We then layered company 10-K filings, investor decks, press releases, and snapshots from D&B Hoovers and Dow Jones Factiva to cross-check investment amounts and commissioning dates. The listed names are illustrative, while many other open records strengthened the evidence base.
Market-Sizing & Forecasting
Mordor's model begins with a top-down capacity pool built from installed and announced megawatt figures, which is then adjusted for utilization and average service price to reach a revenue baseline for Thailand's hyperscale segment. A selective bottom-up roll-up of five large campuses keeps totals within observable limits.
Renewable tariff spreads, power-purchase agreement uptake, metro fiber density, land cost inflation, and rack energy density feed a multivariate regression that projects demand through the forecast period. Scenario analysis for fast AI workload growth versus conventional IT migration refines the final growth rate.
Data Validation & Update Cycle
Mordor Intelligence runs variance checks against BOI approvals, NBTC licenses, and electricity sales, then re-contacts sources when anomalies surface before sign-off. The model refreshes each year, with interim updates after material events, so clients always receive the latest view.
Why Mordor's Thailand Hyperscale Data Center Baseline Commands Reliability
Published estimates often diverge because some firms mix hyperscale, colocation, and enterprise revenue, apply different price ladders, or update irregularly. We outline these contrasts so buyers can see how our clearer definition, consistent variables, and annual refresh yield a steadier anchor.
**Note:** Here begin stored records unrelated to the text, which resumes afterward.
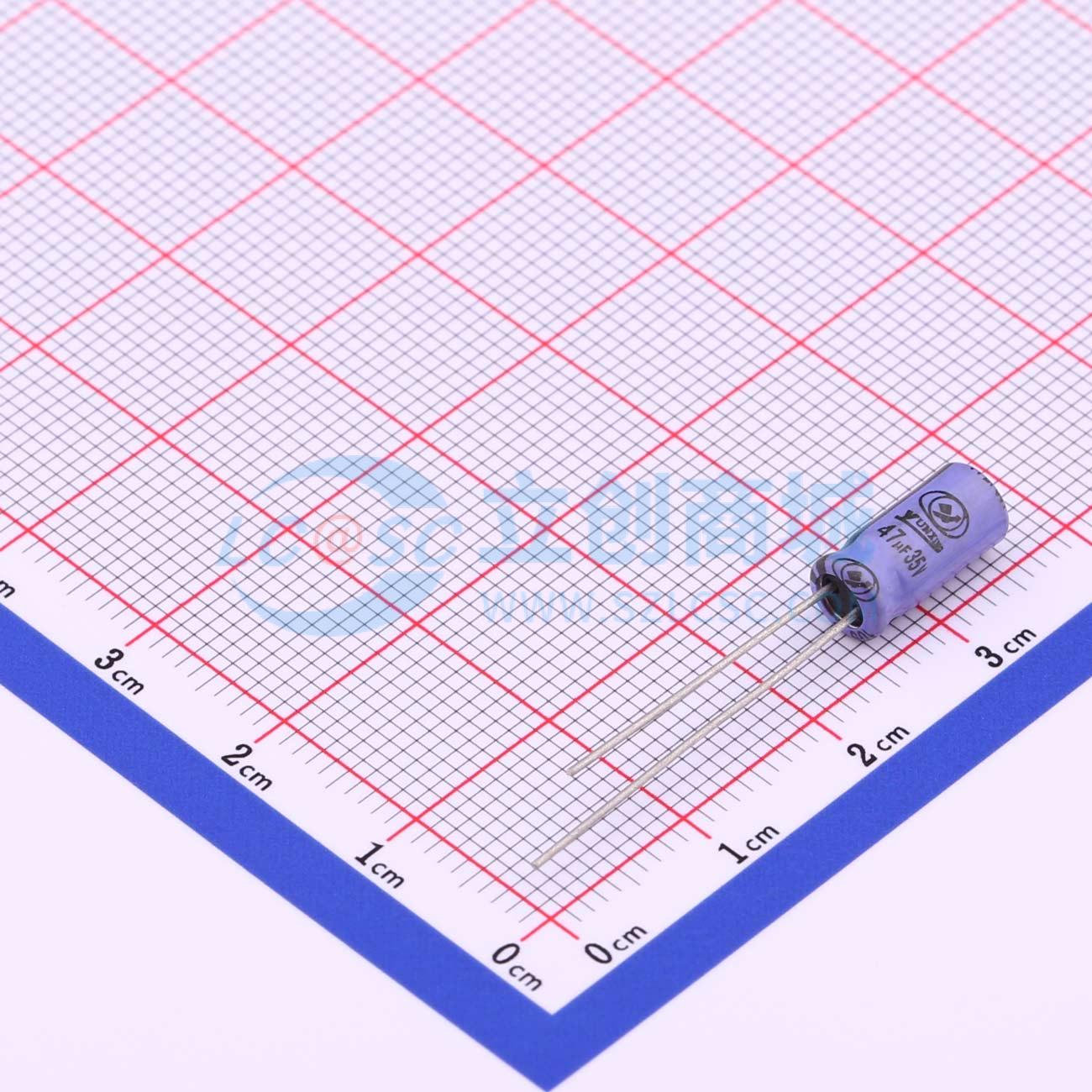 点击查看大图 ECF1VM470D11OTPO实物图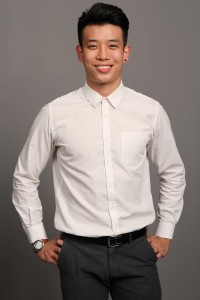 Handsome Chinese Model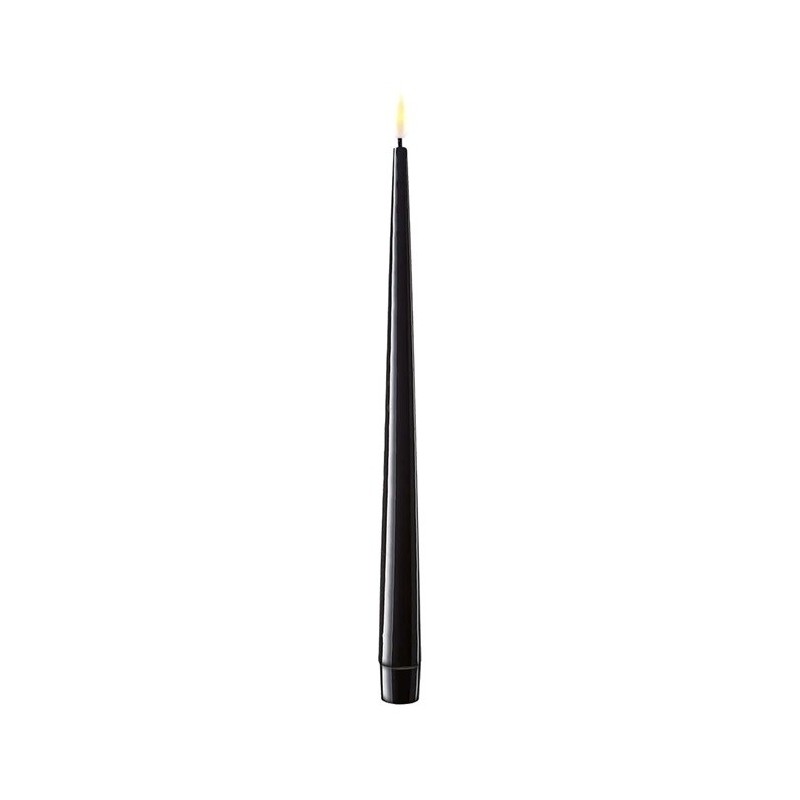 Chandelles LED 28 S/2 Noir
Key gaps arise around whether self-built cloud campuses are counted, how capital outlay is converted to revenue, and which exchange rates are locked in. Our model uses on-the-ground billing insights, applies average yearly FX rates, and keeps a transparent workload mix.
Benchmark comparison
| Market Size | Anonymized source | Primary gap driver |
|---|---|---|
| USD 4.30 B (2025) | Mordor Intelligence | - |
| USD 1.56 B (2024) | Regional Consultancy A | Counts capital spend and blends enterprise with colocation |
| USD 1.15 B (2024) | Trade Journal B | Bundles all facility types and uses investment cost, not revenue |
| USD 0.65 B (2023) | Global Consultancy C | Excludes cloud self-build capacity and relies on limited public records |
Open report teasers quote 2024 values of USD 1.56 billion and USD 1.15 billion, while a 2023 analyst note cites USD 0.65 billion, underscoring the wide spread outside our baseline.
The comparison shows that once consistent scope, conversion logic, and refresh cadence are applied, Mordor's market view aligns with real cash flows and offers the most balanced middle path.
Key Questions Answered in the Report
How large is the Thailand hyperscale data center market in 2025?
The market is valued at USD 4.30 billion with 756.92 MW of installed IT load.
What CAGR is expected for the Thailand hyperscale data center market from 2025-2031?
The forecast CAGR is 22.39%, driving market size to USD 14.48 billion by 2031.
Which deployment model is growing fastest?
Hyperscaler colocation is projected to grow at a 24.5% CAGR through 2030.
Why is the EEC important for new facilities?
The EEC offers dual-grid power, subsea cable landings and BOI tax incentives, lowering total ownership costs and latency to regional markets.
What is the main cost challenge for operators?
Rising electricity tariffs—potentially up to 44%—erode Thailand’s cost advantage versus Malaysia and Vietnam, compelling direct renewable PPAs.
Which industry vertical is expanding quickest in demand?
A6. BFSI workloads lead with a 23.1% CAGR as digital-banking regulations require local data residency and high-reliability infrastructure.